A. Generally, the New York statute states that children
under the age of eighteen are minors. And, when
the patient is a minor, consent for his/her dental
treatment must be obtained from the parent or legal
guardian. There are some exceptions: (1) if there is
an emergency and the person is in need of dental
attention, and an attempt to secure consent would
result in delay of treatment which would increase the
risk to a person’s life or health, parental consent is not
necessary; (2) if a person is married or has borne a
child, he/she can give consent for his/her self as well
as for the child; and (3) any dental provider who acts
in good faith, based on the representation by a person
that he/she is eligible to consent, shall be deemed to
have received effective consent.
Q. In addition to having the consent formed signed,
should I write a note in the chart after I have an
informed consent discussion with a patient?

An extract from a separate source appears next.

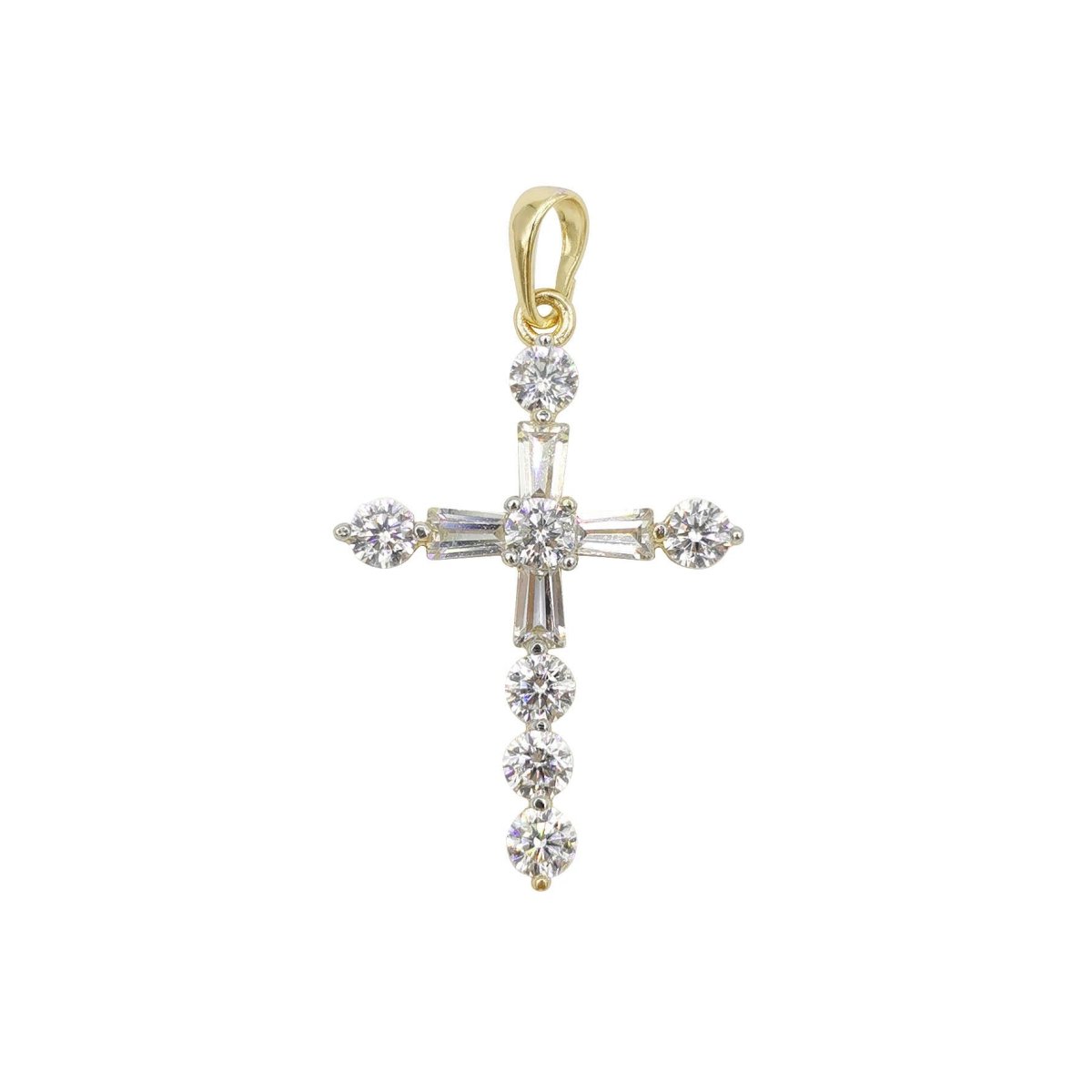 Wholesale 14K Gold Filled Cross Pendant with Cubic Zirconia Crystal Rhinestones, Christian Pendant for Necklace Jewelry Making H-628 H-883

A. Absolutely, yes. The note should be dated and should
state the following: “The risks, benefits, and alternatives,
including no treatment, were discussed with the
patient. The risks discussed included, but were not
limited to . . .” and you list a few of the most severe
and a few of the most frequent risks or complications.
“The patient understood, had all his/her questions
answered, and consented to the treatment or procedure.”
This type of documentation will confirm and
be evidence that a discussion actually took place with
the patient.
THE DENTIST/PATIENT RELATIONSHIP
Q. When does the dentist/patient relationship
officially begin?
A. Today, it is often unclear when the dentist/patient
relationship begins, and with the advent of managed
care, this issue has become even more complex.
Managed Care Organizations (MCOs) may deem
the dentist/patient relationship to begin when the
dentist receives a list of patients who have chosen
him/her as their primary attending. Thus, dentists
must carefully review the lists received and protest
to the MCO those patients they do not wish to
accept. The relationship may otherwise be determined
to begin when an appointment has been made, or
when some other mechanism occurs which creates
the patient’s expectation of care.
Q. How do I discharge a patient from care?
A. To discharge a patient from care, you must notify
the patient in writing. You have the option of giving
the patient a defined reason. If the patient has been
non-compliant with treatment or appointments, or
if the dentist/patient relationship has been disturbed
by litigation, non-payment, or threats and abusive
behavior by the patient or a family member you
may state a reason for discharge, i.e. there has been
a disruption in the dentist/patient relationship. You
should document if the patient is being discharged
for non-compliance, i.e. “you have been non-compliant
with my recommendations for care and treatment.”
If you have received a request for records from an
attorney, have been sued by the patient, or are merely
uncomfortable in continuing to treat the patient, a
reason does not have to be stated or you may use the
relationship disruption as the reason. Do give the
patient a reasonable amount of time to seek a new
Q. Why is the appearance of the dental record so
important in a malpractice dispute?
A. The dental record is the actual record of treatment
provided to the patient, and its appearance is
extremely important to your defense. It specifically
describes the complete history, evaluation, diagnosis,
treatment, and care of a patient; and, therefore, it
is of maximum value in terms of its accuracy and
credibility, especially when used in legal proceedings.
Remember, if you didn’t chart it, you didn’t do it.
The dental record should be precise, neat, complete,
and legible, and it should be written so that any other
dentist who has a reason to pick up the record knows
exactly what has been done for the patient, when it
has been done, and why.
Q. How do I appropriately document the dental record?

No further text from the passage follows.